# Work order
Below are entries; work out how many of their lines hold "Jacket", giving only that number.

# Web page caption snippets
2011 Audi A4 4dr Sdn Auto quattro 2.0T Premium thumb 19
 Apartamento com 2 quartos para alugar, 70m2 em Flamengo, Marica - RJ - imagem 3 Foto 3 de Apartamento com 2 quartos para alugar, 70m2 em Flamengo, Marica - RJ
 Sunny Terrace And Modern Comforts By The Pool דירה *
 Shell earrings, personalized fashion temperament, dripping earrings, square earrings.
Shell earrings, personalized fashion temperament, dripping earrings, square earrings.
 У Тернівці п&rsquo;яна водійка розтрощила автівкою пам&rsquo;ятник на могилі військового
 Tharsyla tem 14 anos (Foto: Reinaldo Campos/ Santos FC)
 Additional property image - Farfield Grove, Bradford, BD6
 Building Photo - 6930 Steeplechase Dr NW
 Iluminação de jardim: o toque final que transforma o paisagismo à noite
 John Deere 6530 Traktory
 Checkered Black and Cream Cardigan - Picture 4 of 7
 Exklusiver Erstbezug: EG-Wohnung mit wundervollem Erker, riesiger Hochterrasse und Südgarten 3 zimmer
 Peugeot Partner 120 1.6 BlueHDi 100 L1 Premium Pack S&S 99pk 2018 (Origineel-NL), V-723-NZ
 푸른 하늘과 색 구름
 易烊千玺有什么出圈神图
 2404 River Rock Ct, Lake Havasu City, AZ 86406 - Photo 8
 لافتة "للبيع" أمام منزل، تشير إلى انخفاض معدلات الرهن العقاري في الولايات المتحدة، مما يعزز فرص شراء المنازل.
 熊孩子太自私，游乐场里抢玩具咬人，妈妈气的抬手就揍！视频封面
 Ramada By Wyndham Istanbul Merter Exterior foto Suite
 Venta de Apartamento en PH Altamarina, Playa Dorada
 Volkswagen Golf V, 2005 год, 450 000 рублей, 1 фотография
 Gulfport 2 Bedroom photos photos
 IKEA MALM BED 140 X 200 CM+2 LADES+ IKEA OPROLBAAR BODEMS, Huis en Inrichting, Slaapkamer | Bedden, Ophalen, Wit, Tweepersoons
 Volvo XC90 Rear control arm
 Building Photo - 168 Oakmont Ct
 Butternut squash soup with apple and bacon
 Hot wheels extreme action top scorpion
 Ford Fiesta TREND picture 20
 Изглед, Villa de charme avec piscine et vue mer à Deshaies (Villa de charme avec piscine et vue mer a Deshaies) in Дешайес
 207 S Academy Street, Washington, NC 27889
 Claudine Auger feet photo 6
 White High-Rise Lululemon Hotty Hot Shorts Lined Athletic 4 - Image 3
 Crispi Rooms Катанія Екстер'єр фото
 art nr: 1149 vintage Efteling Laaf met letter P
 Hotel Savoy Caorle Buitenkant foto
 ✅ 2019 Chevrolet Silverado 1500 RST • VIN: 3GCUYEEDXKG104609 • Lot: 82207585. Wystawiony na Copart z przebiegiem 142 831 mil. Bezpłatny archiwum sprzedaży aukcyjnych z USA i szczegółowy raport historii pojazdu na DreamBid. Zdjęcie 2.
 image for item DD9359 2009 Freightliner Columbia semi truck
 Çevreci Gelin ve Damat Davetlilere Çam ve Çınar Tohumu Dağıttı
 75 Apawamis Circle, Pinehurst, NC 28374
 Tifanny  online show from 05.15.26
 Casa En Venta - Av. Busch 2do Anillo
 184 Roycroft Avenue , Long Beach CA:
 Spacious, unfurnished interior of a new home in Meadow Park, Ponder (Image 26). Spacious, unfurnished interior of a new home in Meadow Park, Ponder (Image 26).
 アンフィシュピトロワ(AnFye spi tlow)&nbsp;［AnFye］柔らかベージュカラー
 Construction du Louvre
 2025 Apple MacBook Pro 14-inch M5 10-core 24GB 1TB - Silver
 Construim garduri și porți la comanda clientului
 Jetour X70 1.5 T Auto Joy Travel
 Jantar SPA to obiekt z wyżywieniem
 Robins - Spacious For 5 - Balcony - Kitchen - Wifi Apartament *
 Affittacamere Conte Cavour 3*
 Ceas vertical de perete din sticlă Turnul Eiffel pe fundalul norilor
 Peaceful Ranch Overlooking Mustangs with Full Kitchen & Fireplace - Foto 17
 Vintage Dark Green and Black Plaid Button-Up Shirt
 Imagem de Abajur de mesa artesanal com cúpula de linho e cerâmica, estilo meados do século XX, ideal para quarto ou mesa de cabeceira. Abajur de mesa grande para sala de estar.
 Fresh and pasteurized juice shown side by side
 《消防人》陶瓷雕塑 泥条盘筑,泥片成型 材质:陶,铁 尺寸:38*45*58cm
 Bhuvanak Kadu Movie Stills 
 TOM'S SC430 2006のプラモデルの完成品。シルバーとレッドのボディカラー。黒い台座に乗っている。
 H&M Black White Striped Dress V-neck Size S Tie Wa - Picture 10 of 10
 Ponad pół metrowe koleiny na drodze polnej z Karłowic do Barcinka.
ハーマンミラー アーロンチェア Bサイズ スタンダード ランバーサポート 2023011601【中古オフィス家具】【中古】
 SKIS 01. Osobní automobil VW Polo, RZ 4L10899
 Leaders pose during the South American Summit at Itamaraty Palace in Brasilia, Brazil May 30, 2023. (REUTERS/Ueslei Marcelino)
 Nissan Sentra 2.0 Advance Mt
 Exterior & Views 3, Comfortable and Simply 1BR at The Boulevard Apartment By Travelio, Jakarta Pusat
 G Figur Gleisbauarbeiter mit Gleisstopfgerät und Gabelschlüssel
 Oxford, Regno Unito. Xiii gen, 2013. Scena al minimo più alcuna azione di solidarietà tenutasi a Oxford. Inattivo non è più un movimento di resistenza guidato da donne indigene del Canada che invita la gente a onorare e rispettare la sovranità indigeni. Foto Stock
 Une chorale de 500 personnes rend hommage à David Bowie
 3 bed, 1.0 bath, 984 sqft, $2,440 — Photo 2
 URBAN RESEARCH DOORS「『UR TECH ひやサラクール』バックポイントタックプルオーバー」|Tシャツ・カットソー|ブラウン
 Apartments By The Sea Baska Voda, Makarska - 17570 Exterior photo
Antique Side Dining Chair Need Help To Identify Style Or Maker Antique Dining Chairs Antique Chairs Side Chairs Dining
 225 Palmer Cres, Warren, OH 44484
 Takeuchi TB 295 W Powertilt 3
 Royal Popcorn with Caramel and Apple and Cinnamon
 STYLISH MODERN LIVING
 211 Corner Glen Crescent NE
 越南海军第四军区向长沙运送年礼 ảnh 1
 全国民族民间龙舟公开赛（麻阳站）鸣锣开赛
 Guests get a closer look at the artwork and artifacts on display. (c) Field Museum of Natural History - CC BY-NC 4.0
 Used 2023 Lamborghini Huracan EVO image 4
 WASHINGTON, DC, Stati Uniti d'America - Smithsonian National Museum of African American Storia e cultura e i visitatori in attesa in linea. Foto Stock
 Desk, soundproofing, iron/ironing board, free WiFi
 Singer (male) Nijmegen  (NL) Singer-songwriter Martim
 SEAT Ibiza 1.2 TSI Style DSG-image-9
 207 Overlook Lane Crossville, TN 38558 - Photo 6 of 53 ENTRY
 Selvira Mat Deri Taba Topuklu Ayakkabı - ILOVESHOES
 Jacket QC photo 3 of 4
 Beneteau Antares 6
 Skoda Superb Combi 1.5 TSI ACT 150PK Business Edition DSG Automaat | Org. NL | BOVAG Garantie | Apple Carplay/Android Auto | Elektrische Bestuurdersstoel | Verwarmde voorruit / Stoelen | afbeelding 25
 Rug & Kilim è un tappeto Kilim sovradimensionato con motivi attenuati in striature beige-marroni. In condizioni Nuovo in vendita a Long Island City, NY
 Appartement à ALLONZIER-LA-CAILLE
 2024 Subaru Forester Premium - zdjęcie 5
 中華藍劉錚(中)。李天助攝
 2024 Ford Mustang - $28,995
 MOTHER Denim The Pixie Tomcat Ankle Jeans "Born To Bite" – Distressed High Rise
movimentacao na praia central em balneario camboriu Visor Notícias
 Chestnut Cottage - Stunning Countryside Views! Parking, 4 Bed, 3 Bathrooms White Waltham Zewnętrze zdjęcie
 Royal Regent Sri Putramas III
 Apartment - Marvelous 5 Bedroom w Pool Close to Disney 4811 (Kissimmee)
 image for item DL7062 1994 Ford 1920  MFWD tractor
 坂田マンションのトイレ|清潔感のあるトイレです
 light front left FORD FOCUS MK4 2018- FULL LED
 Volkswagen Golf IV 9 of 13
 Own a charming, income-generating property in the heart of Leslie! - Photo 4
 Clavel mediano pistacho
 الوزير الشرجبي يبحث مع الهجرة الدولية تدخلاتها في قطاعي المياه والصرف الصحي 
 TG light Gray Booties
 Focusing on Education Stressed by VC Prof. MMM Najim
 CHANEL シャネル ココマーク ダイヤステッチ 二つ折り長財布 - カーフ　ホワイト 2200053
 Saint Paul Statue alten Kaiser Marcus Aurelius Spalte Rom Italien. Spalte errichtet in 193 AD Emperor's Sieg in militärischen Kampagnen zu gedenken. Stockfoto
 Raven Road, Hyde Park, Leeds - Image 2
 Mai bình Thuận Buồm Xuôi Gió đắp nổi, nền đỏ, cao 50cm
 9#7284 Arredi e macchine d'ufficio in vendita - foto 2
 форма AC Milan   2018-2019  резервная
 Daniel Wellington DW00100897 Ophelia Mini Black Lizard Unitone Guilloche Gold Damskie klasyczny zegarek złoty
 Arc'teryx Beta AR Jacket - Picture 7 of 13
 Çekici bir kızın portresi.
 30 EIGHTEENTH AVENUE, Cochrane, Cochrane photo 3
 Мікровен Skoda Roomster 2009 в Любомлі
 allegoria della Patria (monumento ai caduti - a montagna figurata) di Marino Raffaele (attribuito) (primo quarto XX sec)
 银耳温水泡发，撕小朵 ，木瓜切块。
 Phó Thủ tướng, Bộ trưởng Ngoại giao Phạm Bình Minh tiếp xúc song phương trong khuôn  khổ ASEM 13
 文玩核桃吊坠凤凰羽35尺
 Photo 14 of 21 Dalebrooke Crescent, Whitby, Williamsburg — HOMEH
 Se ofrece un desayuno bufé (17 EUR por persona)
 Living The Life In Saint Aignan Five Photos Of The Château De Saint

# Exercise result
2